Short text fragments from websites

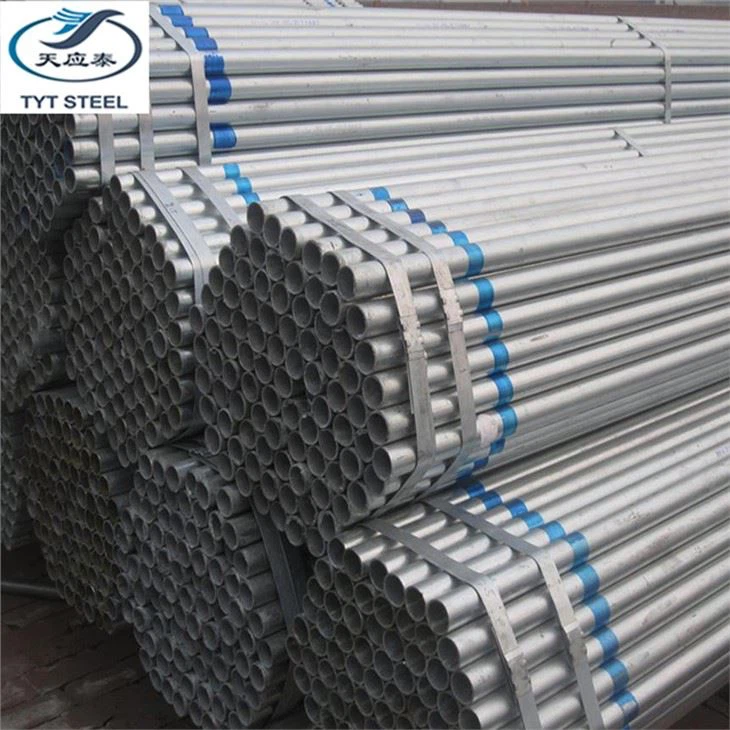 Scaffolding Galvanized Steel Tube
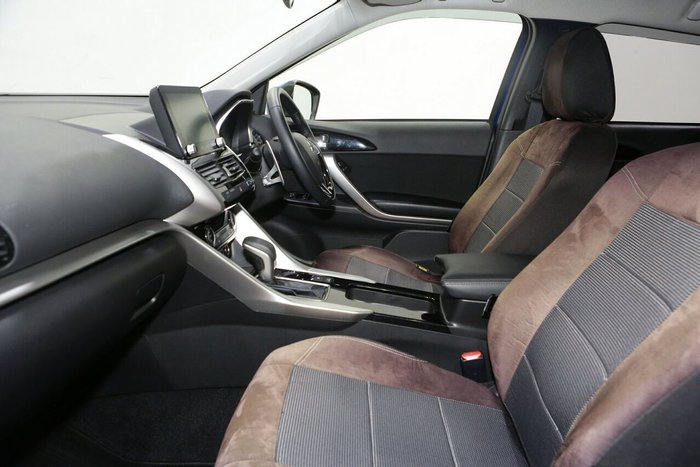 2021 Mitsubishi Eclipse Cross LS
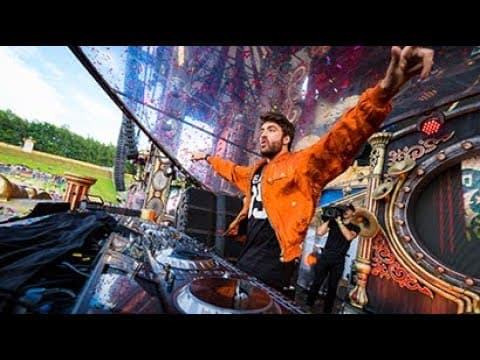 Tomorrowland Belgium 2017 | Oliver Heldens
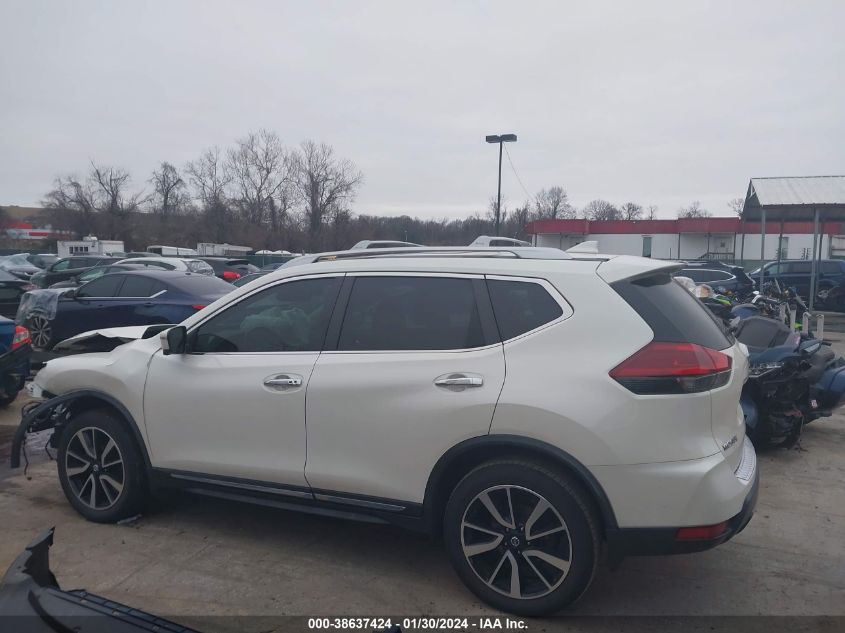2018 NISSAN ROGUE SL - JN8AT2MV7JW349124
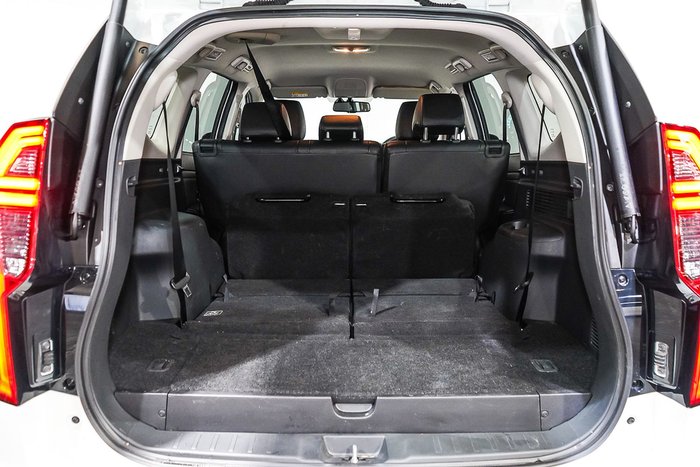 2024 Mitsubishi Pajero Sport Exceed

(What you will do): Leave out the pictures and retype the rest of the entries exactly.

(Response to this exercise):
 Scaffolding Galvanized Steel Tube
 2021 Mitsubishi Eclipse Cross LS
 Tomorrowland Belgium 2017 | Oliver Heldens
2018 NISSAN ROGUE SL - JN8AT2MV7JW349124
 2024 Mitsubishi Pajero Sport Exceed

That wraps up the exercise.